I think that I can not possibly say congratulations enough honey. This is an amazing accomplishment...your work is on display! And it is beautiful and fills the coffee shop up with so much life and soul. You have done so much and come so far this year; you should be incredibly proud of yourself.

I feel certain that your mother was indeed right there with you last night and that she is beyond proud of you and the light in you. I too love that your hubby said that she would move into the coffee shop for a month.

Try to relax and take good care of yourself for the next few weeks. I hope that nasty cold goes away very soon and I hope that you all have a beautiful holiday.

Sending you love and snuggles.xoxoxo

12/19/2007 6:20 PM  
Blogger Sheila @ Dr Cason.org said...

This is amazing.

It is wonderful to hear such honest words from an artist and to think that I may one day do what you have done.

Truly inspiring! I wish I could go sit there and see what you have done. But I'll sit here in Guam and continue my own dream. I've started the first step and ordered my camera. I can only dream one day that my photos capture what you have managed to do. Pure beauty and art and goodness. Your mother would be proud!

12/19/2007 6:54 PM  
Blogger madelyn said...

You just seem to make me
cry every time I visit ~
in a very good way ~ you are
so rich with love it just pours out
of you ~ in your words ~ your
art ~ your tender reflections:0

I feel so filled with love when
i visit your blog and I am so
incredibly happy for your show ~
it looks so stunning!

12/19/2007 6:56 PM  
Anonymous Anonymous said...

this is the third time i have looked at your amazing pictures. it looks so perfect, i want to find the time to stop in and see them in person, when we are in town this weekend.

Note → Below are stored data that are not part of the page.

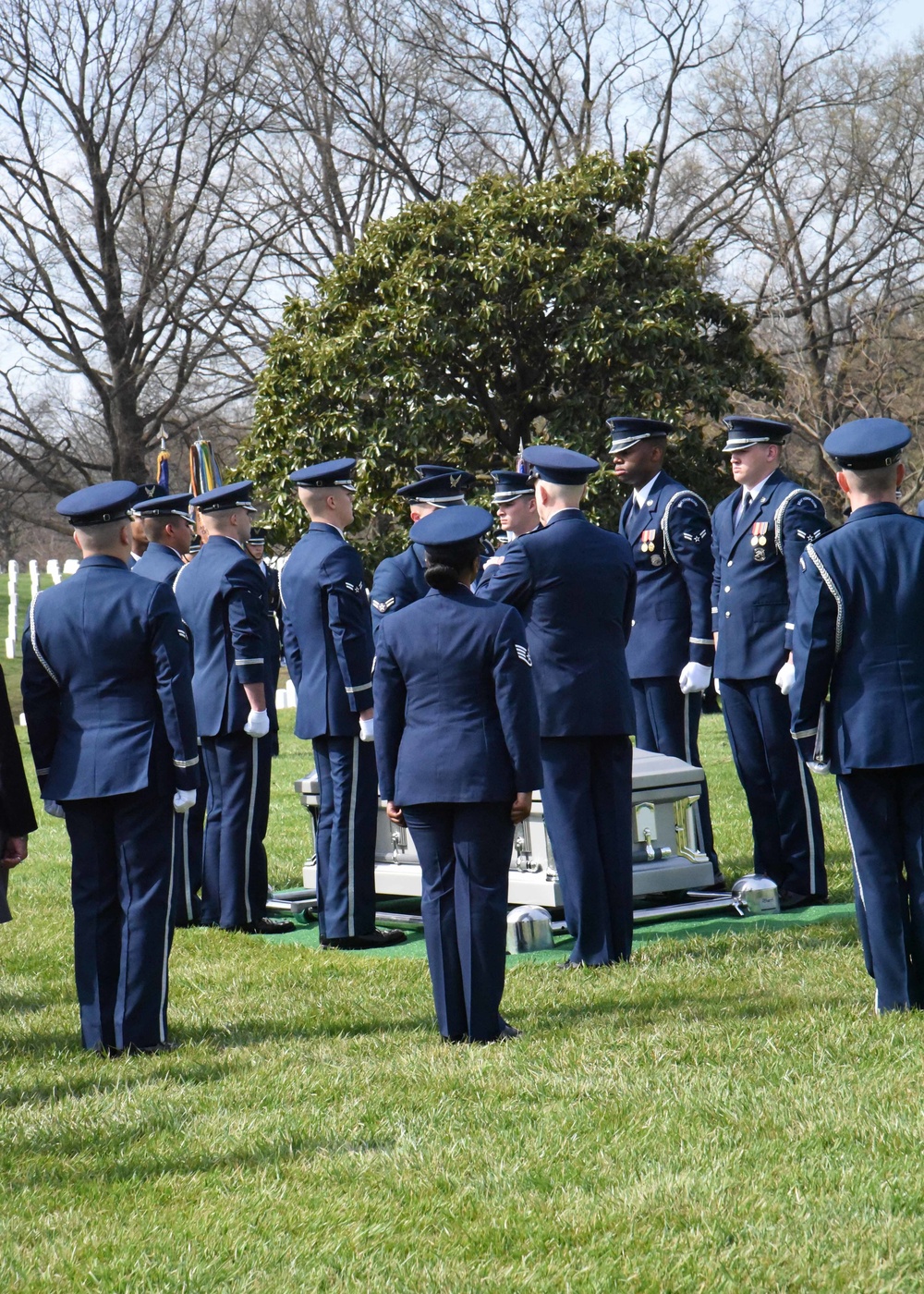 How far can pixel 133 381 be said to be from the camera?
98.8 feet

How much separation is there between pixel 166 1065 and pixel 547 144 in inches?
1251

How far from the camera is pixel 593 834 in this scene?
21.2 ft

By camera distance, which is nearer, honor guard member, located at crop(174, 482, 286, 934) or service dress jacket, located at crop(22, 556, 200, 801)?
service dress jacket, located at crop(22, 556, 200, 801)

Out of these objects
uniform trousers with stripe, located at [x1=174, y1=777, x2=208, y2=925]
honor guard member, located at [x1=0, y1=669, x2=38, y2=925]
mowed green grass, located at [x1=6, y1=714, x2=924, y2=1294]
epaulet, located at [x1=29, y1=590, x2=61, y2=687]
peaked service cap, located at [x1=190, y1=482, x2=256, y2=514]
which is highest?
peaked service cap, located at [x1=190, y1=482, x2=256, y2=514]

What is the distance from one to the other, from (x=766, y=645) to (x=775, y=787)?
0.70 meters

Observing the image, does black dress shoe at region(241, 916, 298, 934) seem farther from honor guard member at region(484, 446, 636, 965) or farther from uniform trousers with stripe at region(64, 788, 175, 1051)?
uniform trousers with stripe at region(64, 788, 175, 1051)

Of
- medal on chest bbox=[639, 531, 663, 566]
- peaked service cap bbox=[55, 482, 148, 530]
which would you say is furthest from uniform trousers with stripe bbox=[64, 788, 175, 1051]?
medal on chest bbox=[639, 531, 663, 566]

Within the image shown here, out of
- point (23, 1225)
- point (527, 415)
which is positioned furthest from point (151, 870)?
point (527, 415)

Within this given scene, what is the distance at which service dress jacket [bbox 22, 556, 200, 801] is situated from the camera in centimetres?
538

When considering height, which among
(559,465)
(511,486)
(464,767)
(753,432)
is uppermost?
(753,432)

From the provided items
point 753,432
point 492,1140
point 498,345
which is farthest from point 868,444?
point 498,345

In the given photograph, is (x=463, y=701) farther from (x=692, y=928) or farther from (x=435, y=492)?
(x=692, y=928)

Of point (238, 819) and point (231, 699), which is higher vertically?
point (231, 699)

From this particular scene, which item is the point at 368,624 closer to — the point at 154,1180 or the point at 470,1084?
the point at 470,1084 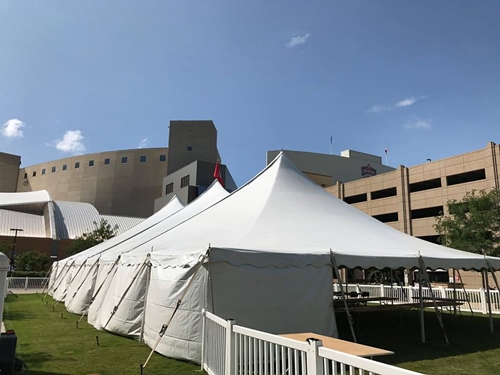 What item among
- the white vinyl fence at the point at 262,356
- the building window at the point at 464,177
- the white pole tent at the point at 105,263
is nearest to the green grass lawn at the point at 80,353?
the white vinyl fence at the point at 262,356

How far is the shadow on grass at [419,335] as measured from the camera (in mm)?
7305

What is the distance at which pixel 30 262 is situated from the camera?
33.8 metres

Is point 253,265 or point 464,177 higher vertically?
point 464,177

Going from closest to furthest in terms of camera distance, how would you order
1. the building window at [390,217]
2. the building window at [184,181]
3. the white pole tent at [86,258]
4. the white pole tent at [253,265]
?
the white pole tent at [253,265] → the white pole tent at [86,258] → the building window at [390,217] → the building window at [184,181]

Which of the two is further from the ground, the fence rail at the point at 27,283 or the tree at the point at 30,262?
the tree at the point at 30,262

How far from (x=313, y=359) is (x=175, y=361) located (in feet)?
14.1

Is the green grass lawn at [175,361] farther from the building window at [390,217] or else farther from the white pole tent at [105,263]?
the building window at [390,217]

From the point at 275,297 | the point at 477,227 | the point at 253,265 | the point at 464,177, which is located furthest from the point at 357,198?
the point at 253,265

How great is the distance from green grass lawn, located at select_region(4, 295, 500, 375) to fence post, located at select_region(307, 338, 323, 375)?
346 cm

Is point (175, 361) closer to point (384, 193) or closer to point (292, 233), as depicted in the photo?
point (292, 233)

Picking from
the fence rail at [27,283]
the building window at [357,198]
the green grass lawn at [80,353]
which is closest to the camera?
the green grass lawn at [80,353]

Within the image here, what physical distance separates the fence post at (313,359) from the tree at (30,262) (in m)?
36.5

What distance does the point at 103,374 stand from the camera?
5.75 metres

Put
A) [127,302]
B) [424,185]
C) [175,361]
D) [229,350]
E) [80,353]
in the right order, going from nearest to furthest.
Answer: [229,350]
[175,361]
[80,353]
[127,302]
[424,185]
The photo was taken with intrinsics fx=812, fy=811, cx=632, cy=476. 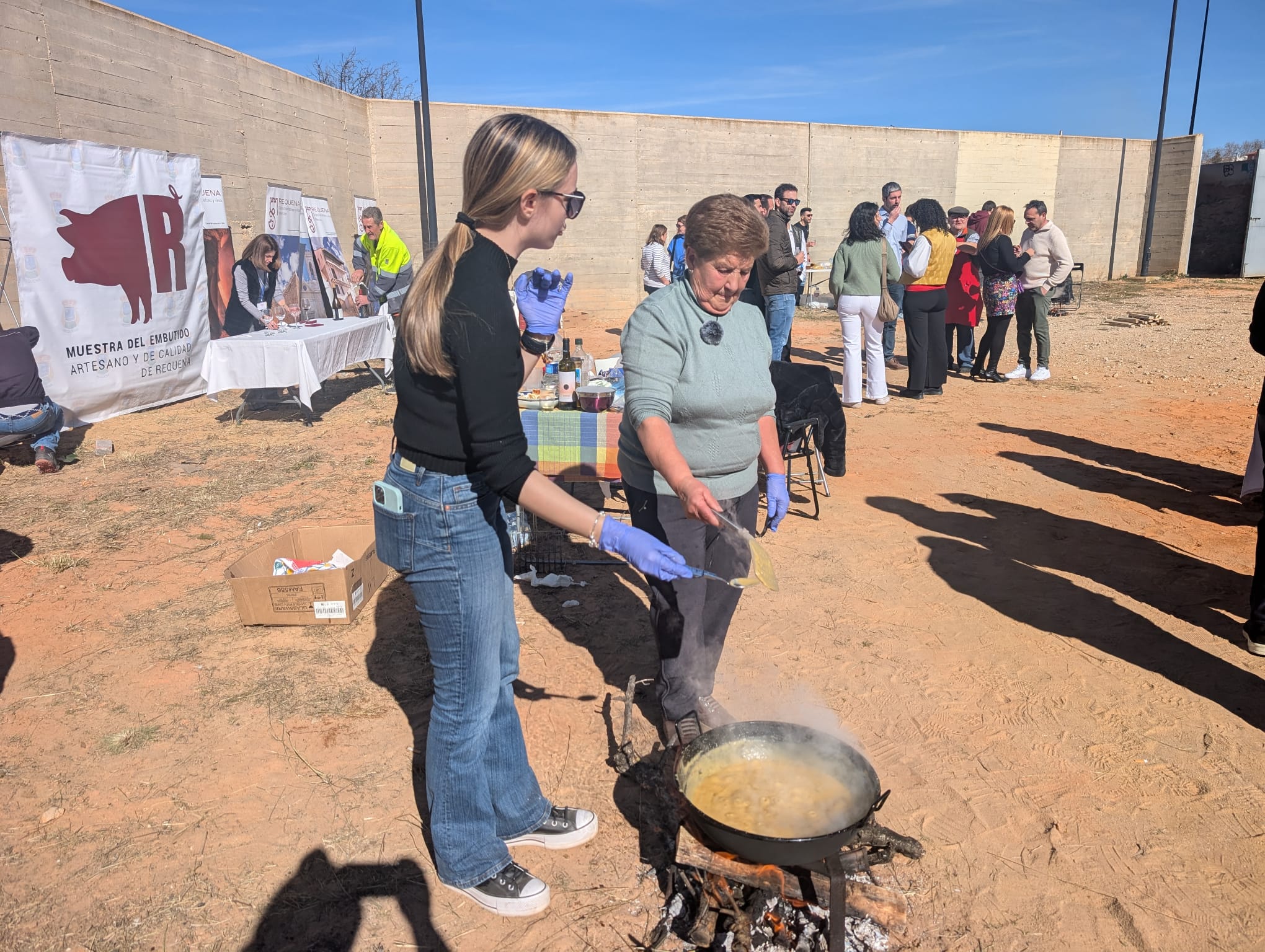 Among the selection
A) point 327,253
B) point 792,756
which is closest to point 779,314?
point 792,756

i hope you can step back and see what a huge accomplishment this is, and be as proud of yourself as everyone around you is (myself included). how blessed you are to have a husband who can voice his pride in you and all your work.

love and happy thoughts,
Jess

12/19/2007 9:37 PM  
Blogger Unknown said...

Beautiful! Congratulations on the show.

Wonderful, powerful post.

Namaste.

12/20/2007 11:16 AM  
Blogger Alessandra Cave said...

The show looks absolutely beautiful and you're so very inspiring! I wish I could come in person to see it. What a moving memory of your mother. I'm here all in tears and I am sure you're mother is with you in every step of this amazing accomplishment.
Enjoy this moment! Congratulations! xxo

12/20/2007 4:31 PM  
Blogger daisies said...

oh honey, they look absolutely stunningly beautiful :) congratulations!! much love, xox

12/20/2007 4:36 PM  
Anonymous Anonymous said...

i have so much admiration for your talent and your brave, beautiful words.

12/21/2007 5:06 AM  
Blogger Melanie Margaret said...

Your work is beautiful. I am happy for for you!
and I so agree, writing it out is so helpful!
XO,
Melba

12/21/2007 12:01 PM  
Blogger pERiWinKle said...

doing a dance of joy, pride, love, memories..hard work...with you...right now...in the street in front of the coffee shop...with people streaming into the shop to admire (and purchase!:-) YOUR art!
so proud of you! xx

12/21/2007 6:28 PM  
Blogger Jessie said...

Your show looks gorgeous and I don't doubt at all that your mom was really with you the night of your opening.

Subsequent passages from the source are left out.